Unfortunately, people leave tons of money on exchanges, for long periods of time. That's the problem. That's what the majority of exchange users are doing.
People leave money on exchanges because the alternatives are worse. They're almost as dangerous (if not more so): how many people have lost millions or billions due to malware, forgotten passwords, failed hard drives, death of the owner and inability to transfer that wealth to their heirs, etc.?
All of these problems are solvable with ludicrous levels of complication and confusion, and the average person doesn't even realize they need to take these sorts of measures until they've irrecoverably lost everything.
You could replace "money" with any specific area of human expertise. I don't need to fully understand how my body works because my doctor does. I don't need to fully understand how my car works because my mechanic does. I don't need to know how to build my home because my contractors know.
The information is available to those who are interested or want to further that area of human expertise, but the collective knowledge of humanity is too great for all of us to know everything. That's why we pay (mostly) regulated experts to handle these things for us.
(1) Knowing how to use crypto safely is hardly "expertise". It's something that can be learned quite quickly from experts.
(2) Having a general idea of many areas in life is important for a functioning society and becoming a healthy human being.
I really dislike this narrative that we must not think for ourselves. Always delegate. Always leave it to the experts. I see the same anti-intellectual sentiment in programming communities.
- Don't write assembly, compilers are smarter than you.
- Don't think about building your own networking stack. It's too complicated.
- Don't write your own OS. Do you think you can outperform Linux? Lol
> Don't you think someone with millions of dollars to lose should take some responsibility and become informed about how to protect them?

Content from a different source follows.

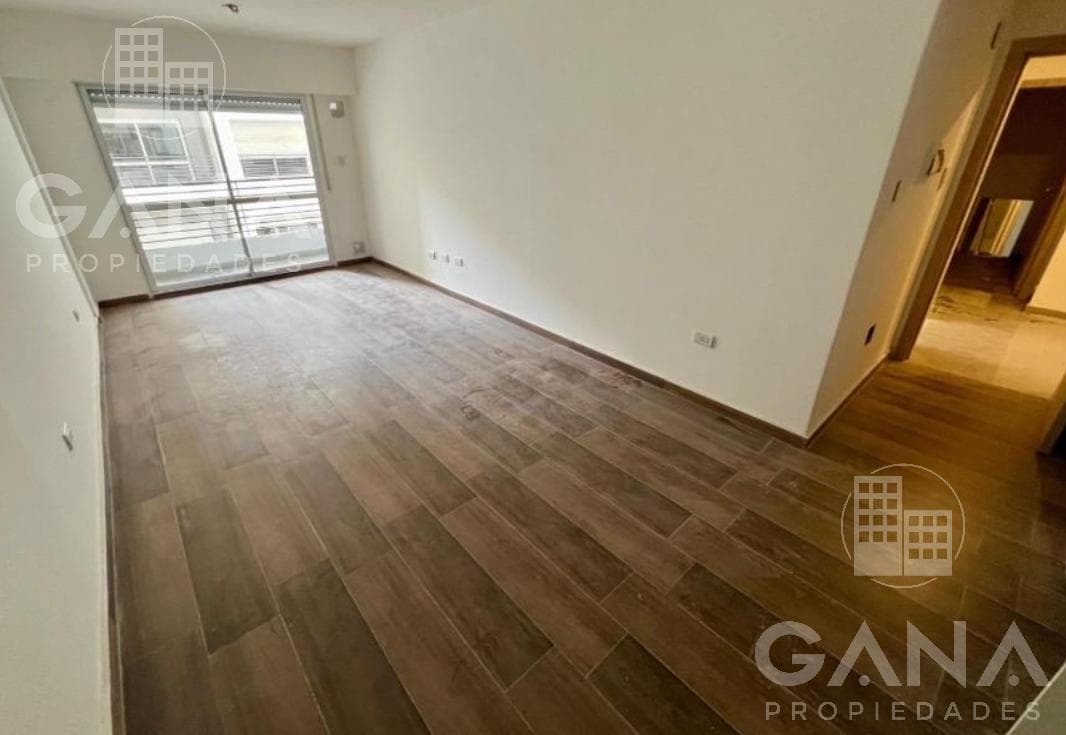 Studio Apartment for Sale on Mitre Street in the 1100s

I really just think that if someone thinks an institution might disappear with their money they won't use the institution. If the alternative is too much of a hassle, or also seems like it could lead to loses then people will just not use crypto.

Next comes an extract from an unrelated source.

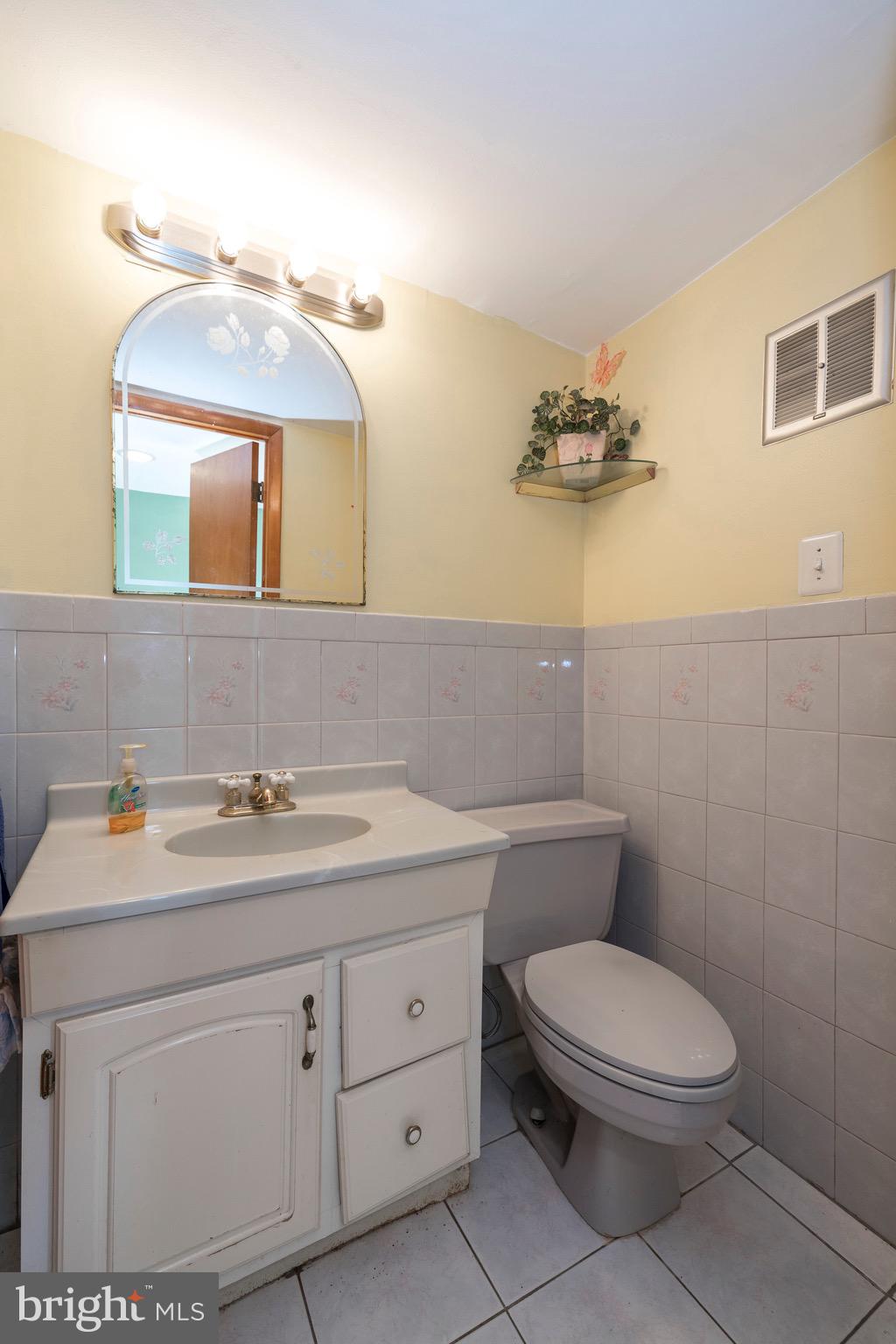 1010 Catalpa Road Warminster, PA 18974 - Photo 22 of 32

Without greater fools in sufficient quantity, cryptocurrency loses its speculative use-case. You won't get greater fools in sufficient quantity without centralized exchanges where people hold their funds.
You can "buy cash" right now in amount from $100 to $1M on most d-web exchanges. Decentralized versions like Open Bazaar have worked for years just no one uses them so its more expensive and less choice.
Decentralized on/off ramps have existed for a LONG time and the fist was a key reason Bitcoin Core (BTC) broke away from the Bitcoin roadmap and became more of an "alt-coin" than the Bitcon we started with. Many think "SegWit" was a hack desigend to inject malicious code into Bitcoin Core to make these types of decentralized exchanges more difficult but then Vitalik just said fuck the US Government and came out with Ethereum.